Now, Amazon is busy explaining how such an outage occurred. Being able to stream thousands of movies to a television or tablet is a feat only the future could bring us, made possible by countless advanced technological processes. Yet, as it turns out, such a service can still be brought down by just one human who made just one unfortunate mistake.
“We want to apologize,” wrote a representative for the AWS team in a recent note. “We know how critical our services are to our customers´ businesses, and we know this disruption came at an inopportune time for some of our customers.”
According to the AWS team, the problem occurred with the Amazon Elastic Load Balancing (ELB) service, and while they claim this outage only affected those services which make use of the ELB, they have said that the services affected by the outage felt the impact for a “prolonged period of time.”
Many Netflix users– but not all– began to notice some issues connecting to the service during the afternoon of Christmas Eve. Not only were these users unable to demo the potential of their new smartphones and tablets to their family, they were also unable to use Netflix as a curtain with which to cover their unease from spending time with their family.
According to the AWS, the afternoon of Christmas Eve is right about the time one developer accidentally deleted a portion of the ELB state data.
“The data was deleted by a maintenance process that was inadvertently run against the production ELB state data,” explains the AWS team. “This process was run by one of a very small number of developers who have access to this production environment. Unfortunately, the developer did not realize the mistake at the time.”
Once they discovered what had gone wrong, the AWS team set about righting the issue to restore service as quickly as possible.
Since they were still unaware the problem existed with the ELB, the team first began to look for any issues with the API.
“The team was puzzled as many APIs were succeeding (customers were able to create and manage new load balancers but not manage existing load balancers) and others were failing.

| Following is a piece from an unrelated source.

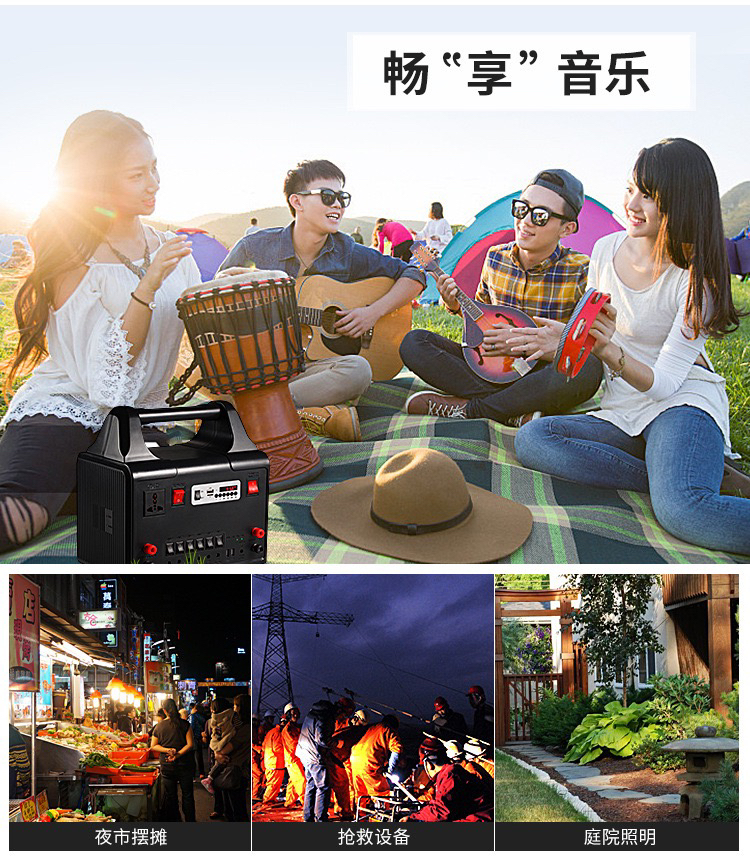 Solar Generator Household 220V AC Output Multifunctional Bluetooth Radio Power Generation System with Inverter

As this continued, some customers began to experience performance issues with their running load balancers. These issues only occurred after the ELB control plane attempted to make changes to a running load balancer.”
Had the AWS team noticed the missing ELB data in the beginning, they would have been able to restore service much more quickly. However, as noted by the team themselves, they spent several hours focused on APIs. All told, it took the AWS team over 22 hours to restore operation to all affected load balancers.
The AWS team is now saying they´ve learned from their mistakes and have taken steps to ensure this sort of issue doesn´t occur again in the future.
“We will do everything we can to learn from this event and use it to drive further improvement in the ELB service.”